* EXERCISE INSTRUCTIONS:
Give back every record exactly, images excluded.

* TASK INPUTS:
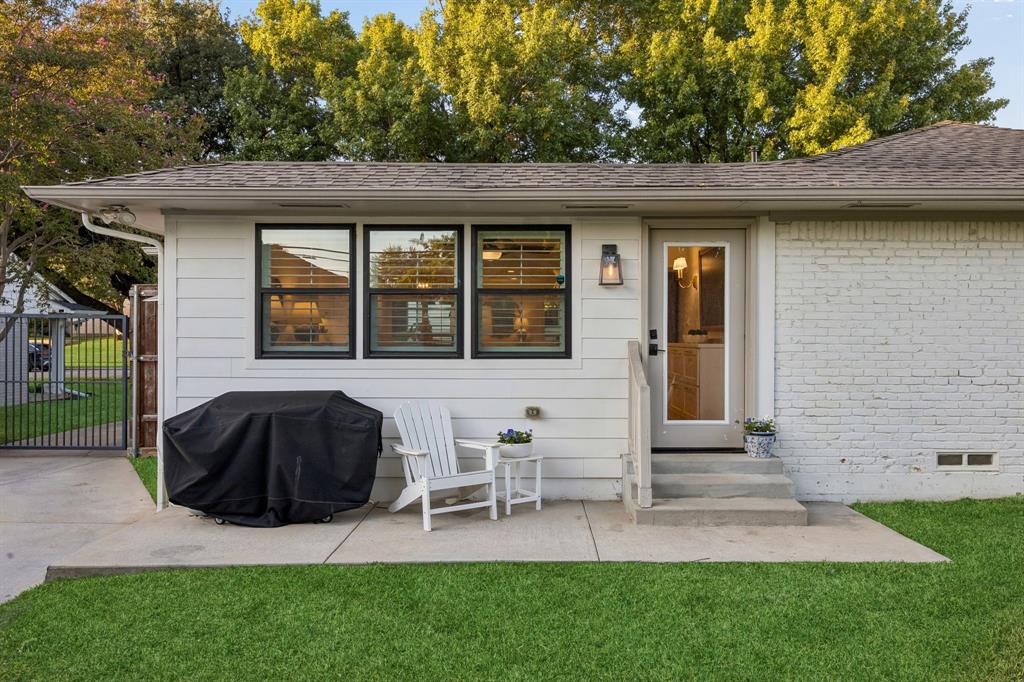 9924 Parkford Drive, Dallas, TX 75238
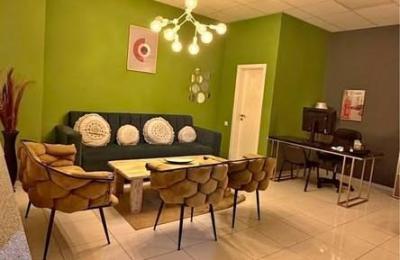 Lokal / Zyre me qira – Kalabri (Emshir)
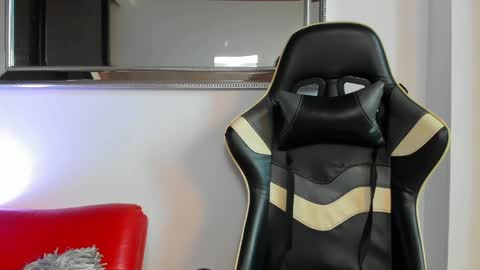 julian_wallace online show from 04.02.26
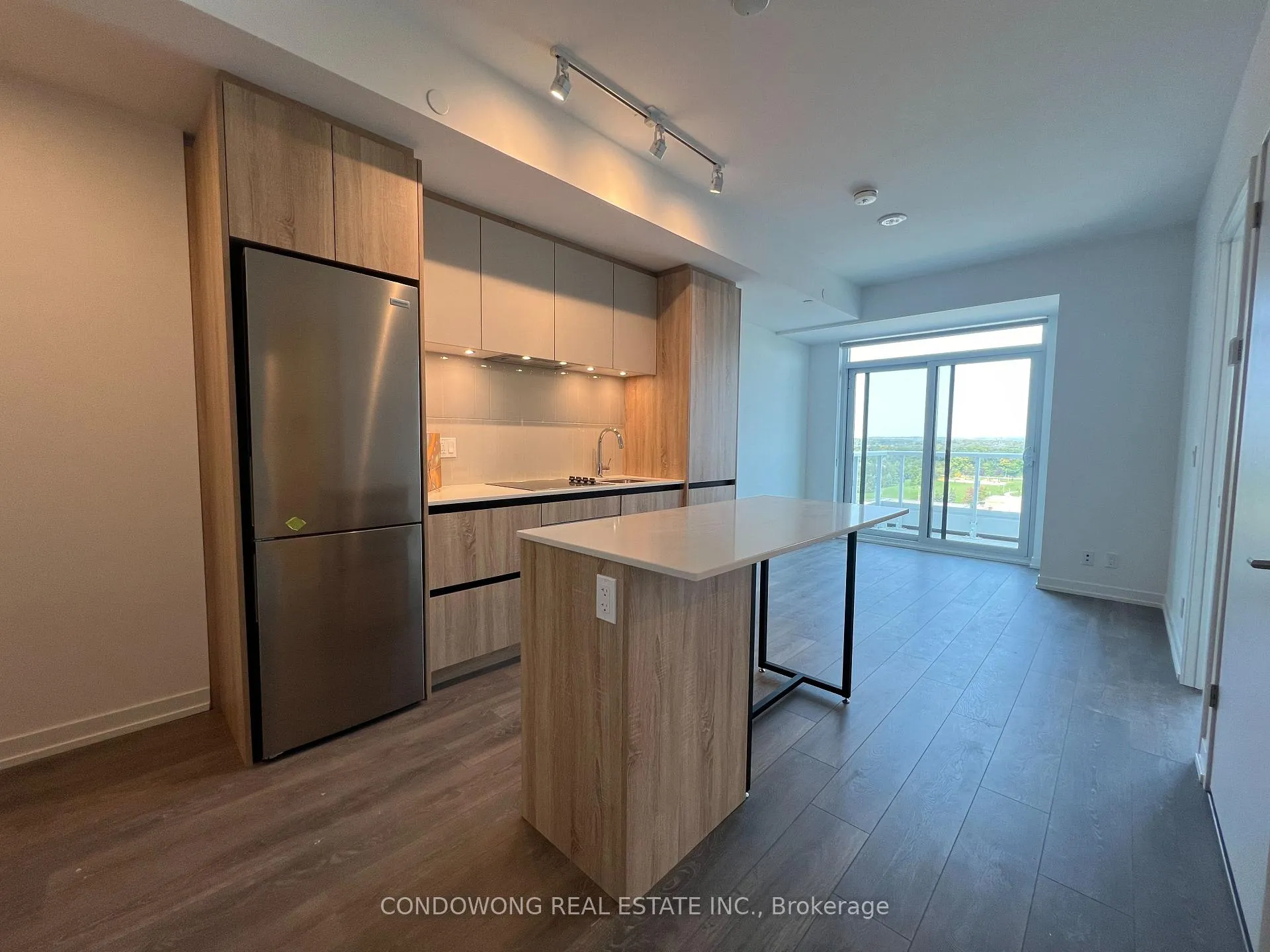 Front of Unit 1202, 8 Beverley Glen Boulevard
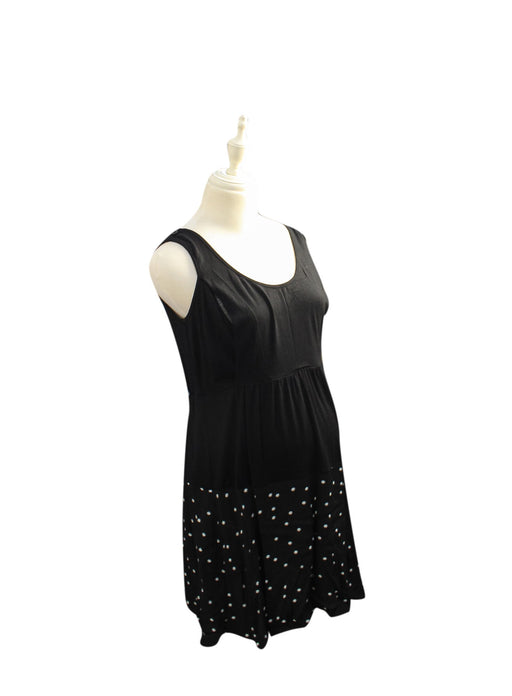 A Black Sleeveless Tops from Seraphine in size S for maternity. (Front View)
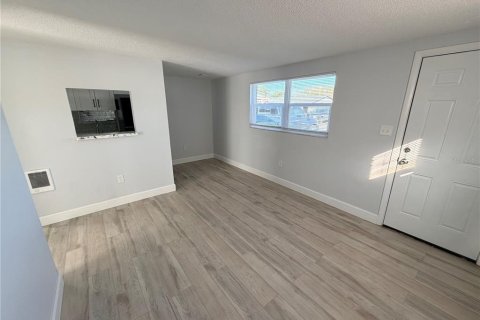 Appartement à louer à Tampa, Floride: 1 chambre, 46.45 m2 № 2108307 - photo 4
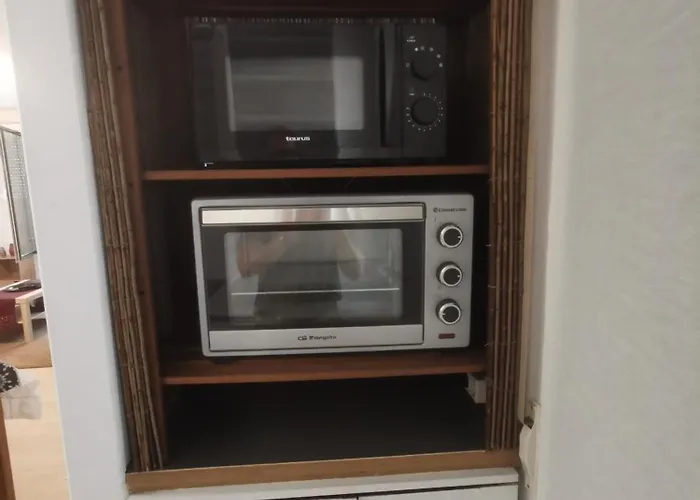 Con Garaje Y Piscina ,cerca Playa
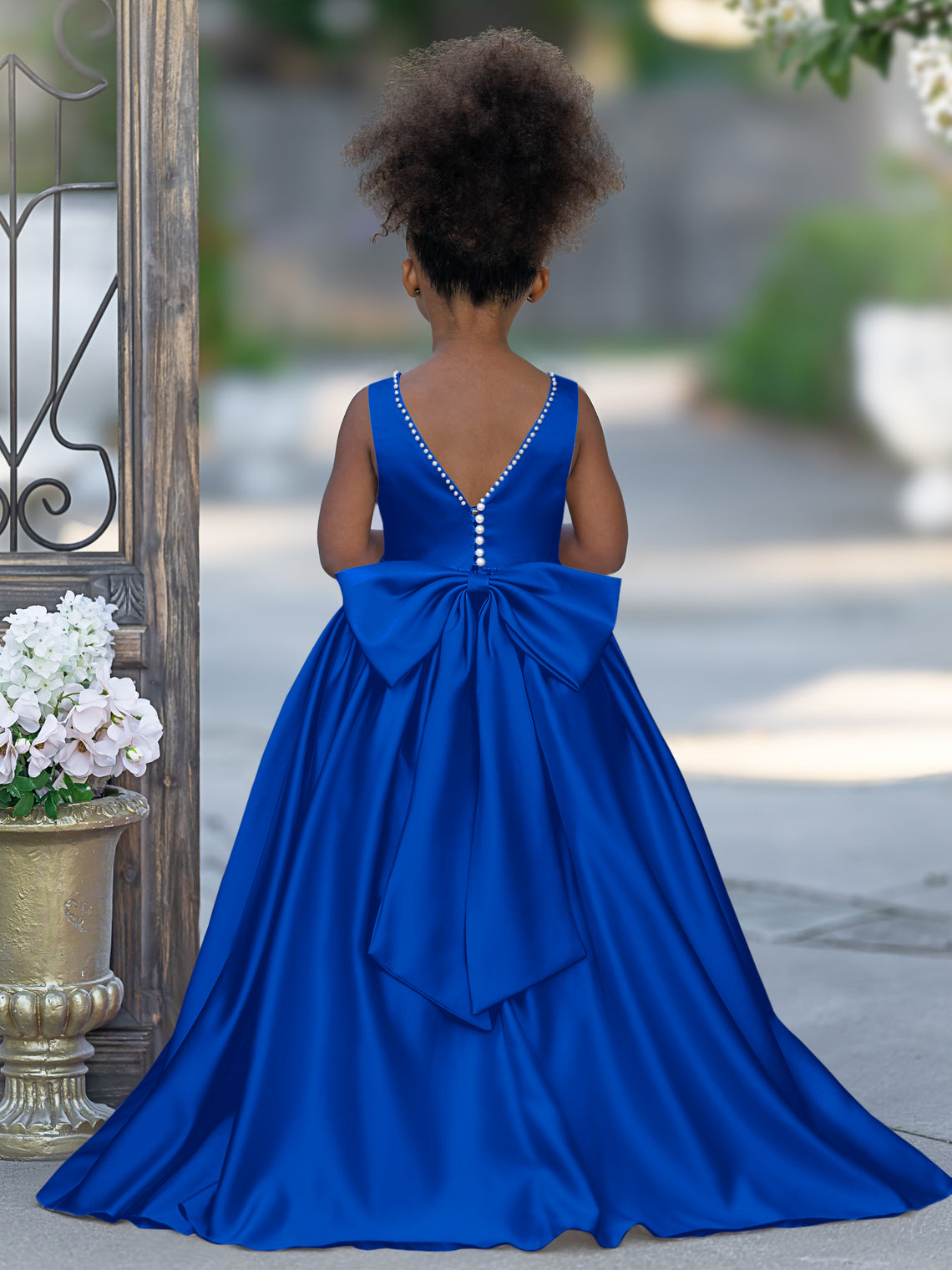 Vestido rosa sin mangas de satén con escote con cuentas y detalle de lazo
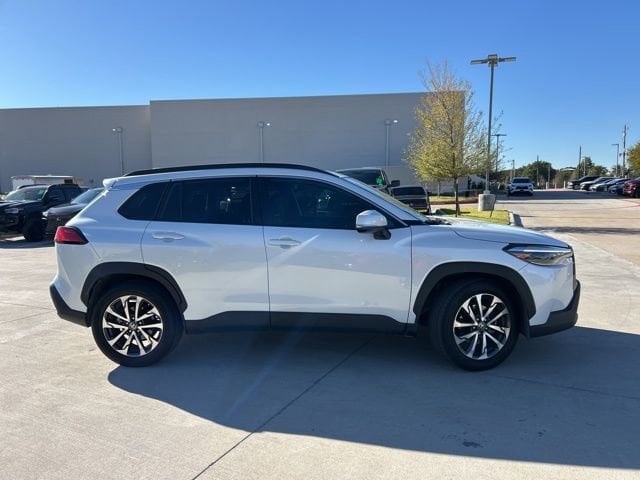 Used 2022 Toyota Corolla Cross XLE with VIN 7MUDAAAG0NV024020 for sale in Northfield, Minnesota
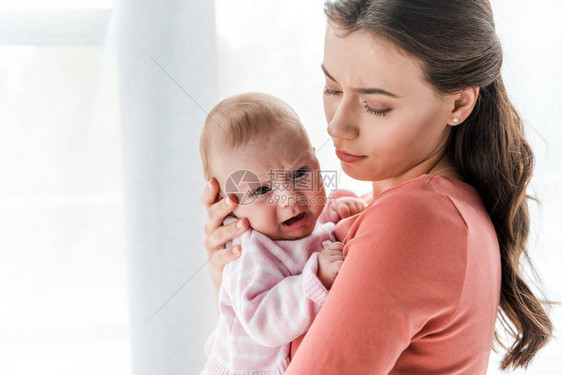 在家中哭着婴儿的怀抱着手抱着有图片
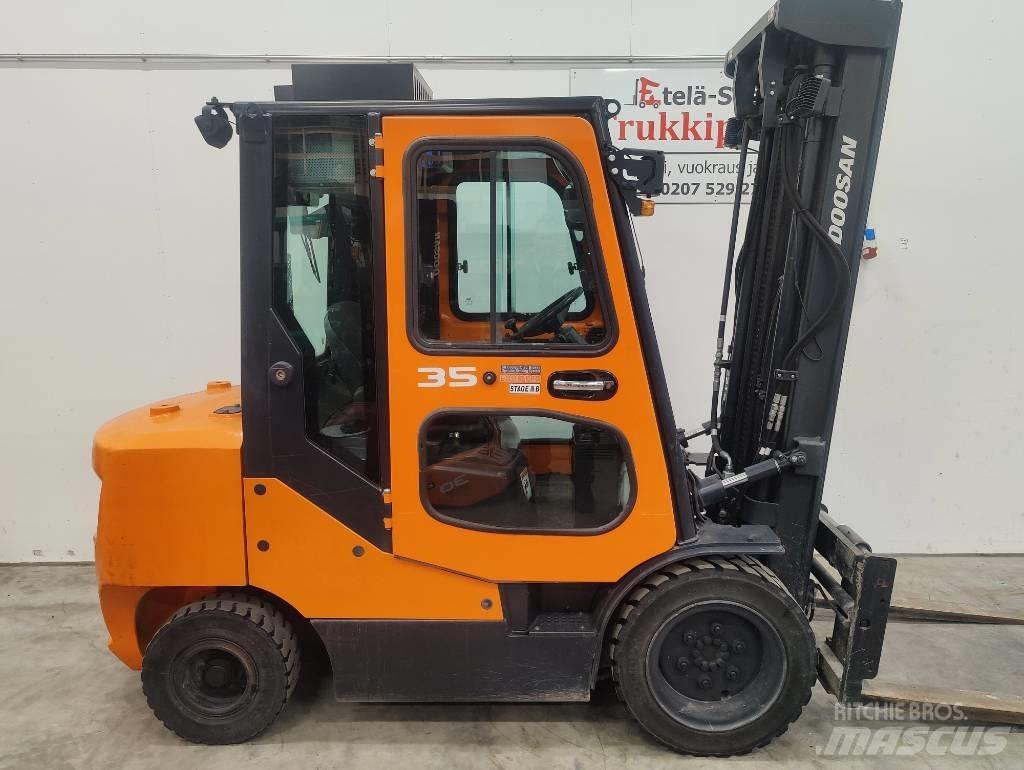 Doosan D 35 C-7 Dizelski viličarji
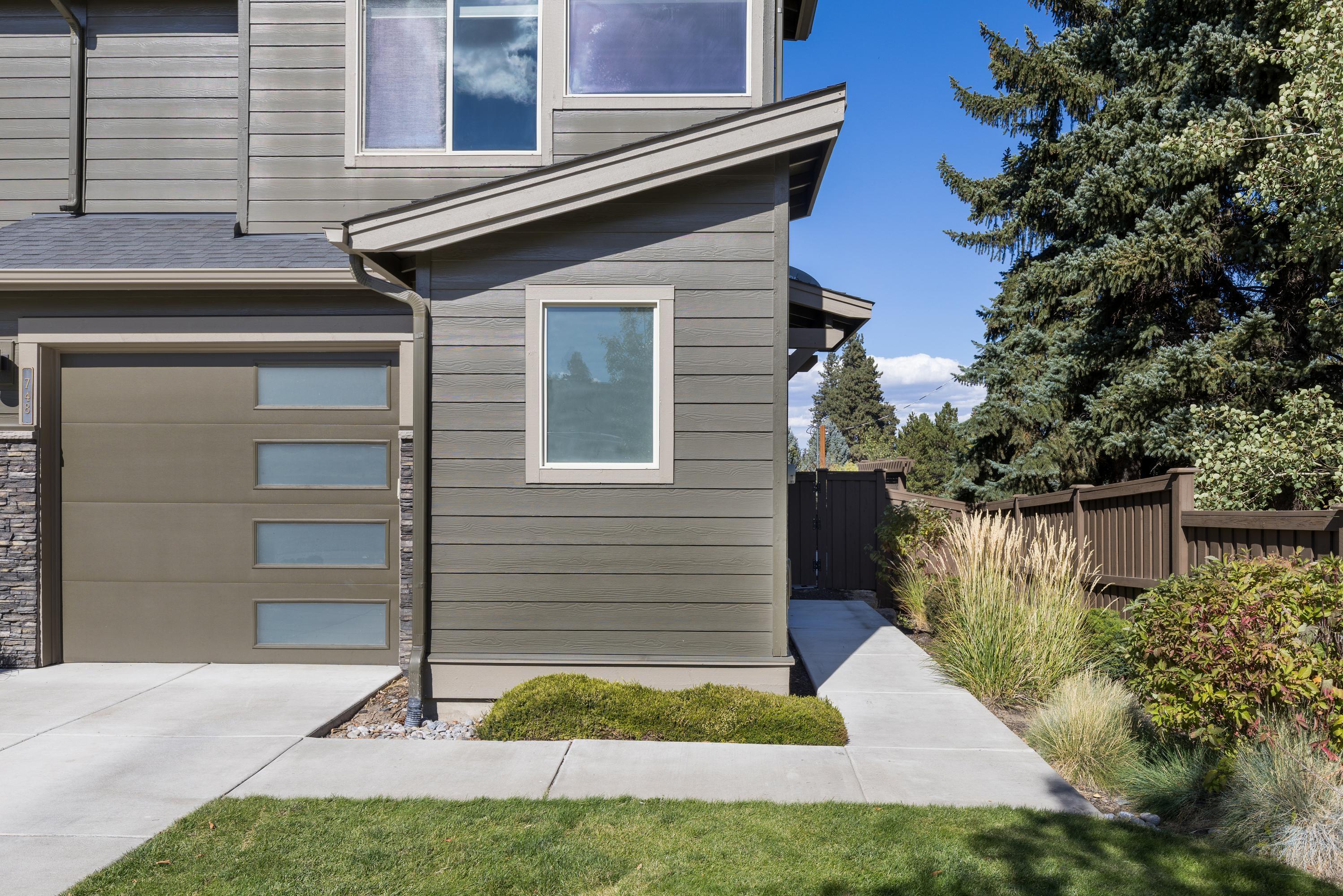 748 NE Vail Lane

* YOUR SOLUTION:
 9924 Parkford Drive, Dallas, TX 75238
 Lokal / Zyre me qira – Kalabri (Emshir)
 julian_wallace online show from 04.02.26
 Front of Unit 1202, 8 Beverley Glen Boulevard
 A Black Sleeveless Tops from Seraphine in size S for maternity. (Front View)
 Appartement à louer à Tampa, Floride: 1 chambre, 46.45 m2 № 2108307 - photo 4
 Con Garaje Y Piscina ,cerca Playa
 Vestido rosa sin mangas de satén con escote con cuentas y detalle de lazo
 Used 2022 Toyota Corolla Cross XLE with VIN 7MUDAAAG0NV024020 for sale in Northfield, Minnesota
 在家中哭着婴儿的怀抱着手抱着有图片
 Doosan D 35 C-7 Dizelski viličarji
 748 NE Vail Lane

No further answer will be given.